--- The data Enclosed Below ---
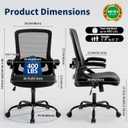 Ergonomic Office Chair, Desk Chair with Adjustable Lumbar Support, Breathable Mesh Comfy Computer Chairs with Flip-up Armrests Executive Task Chair for Adults Home Office(Black)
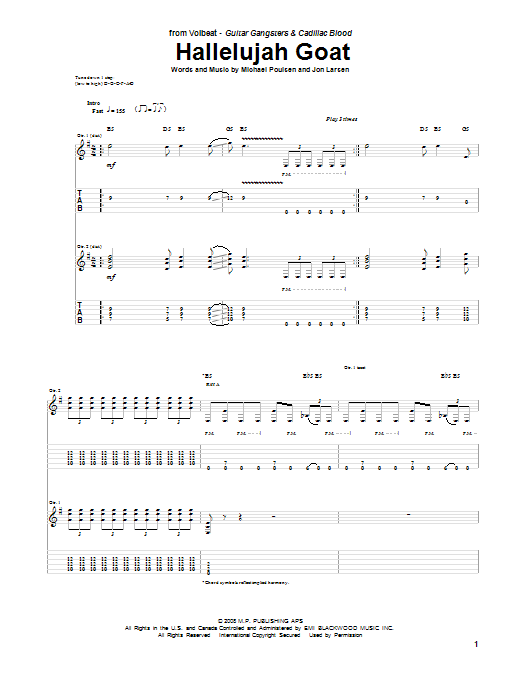 Volbeat Hallelujah Goat sheet music notes and chords arranged for Guitar Tab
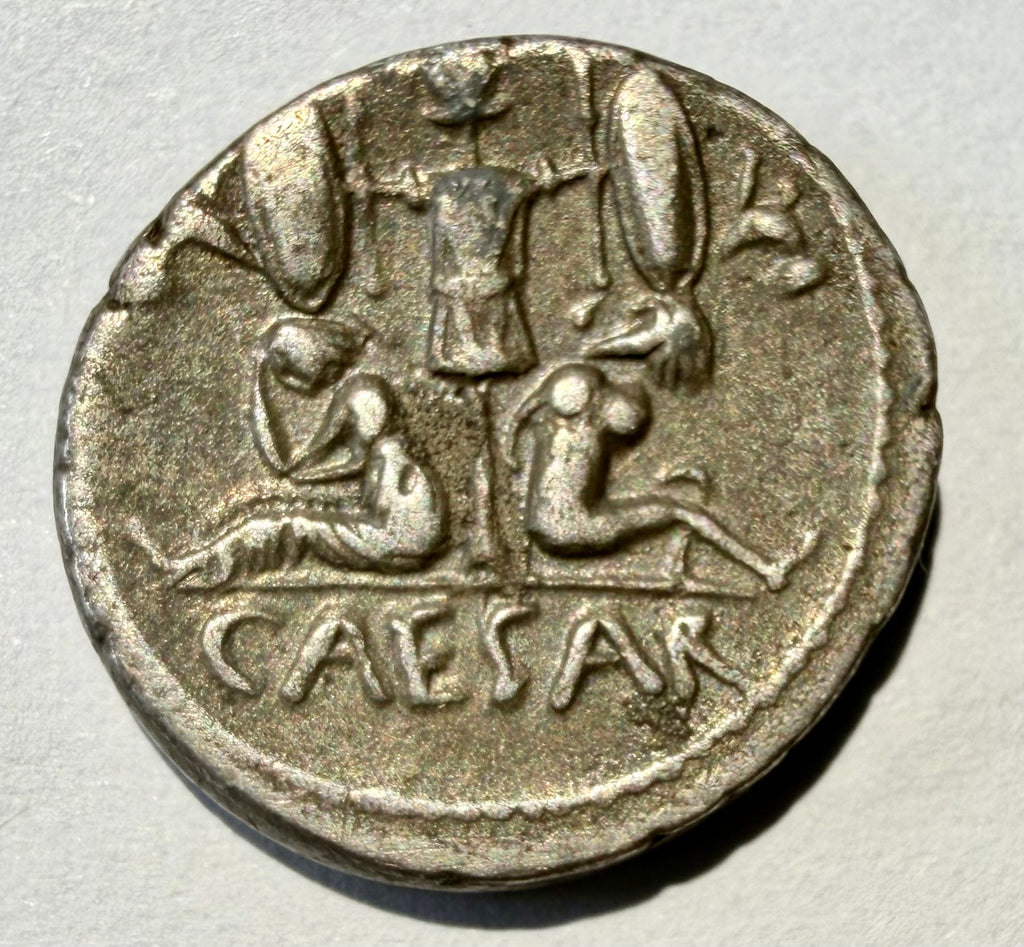 Julius Caesar AR Denarius 46-45 BC Trophy & Captives Silver Coin Crawford 468/1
--- End of Enclosed The data ---
Each line from the line containing "Volbeat Hallelujah Goat" through the final line of the data above must be retyped exactly; nothing else, and no pictures, may appear.

 Volbeat Hallelujah Goat sheet music notes and chords arranged for Guitar Tab
 Julius Caesar AR Denarius 46-45 BC Trophy & Captives Silver Coin Crawford 468/1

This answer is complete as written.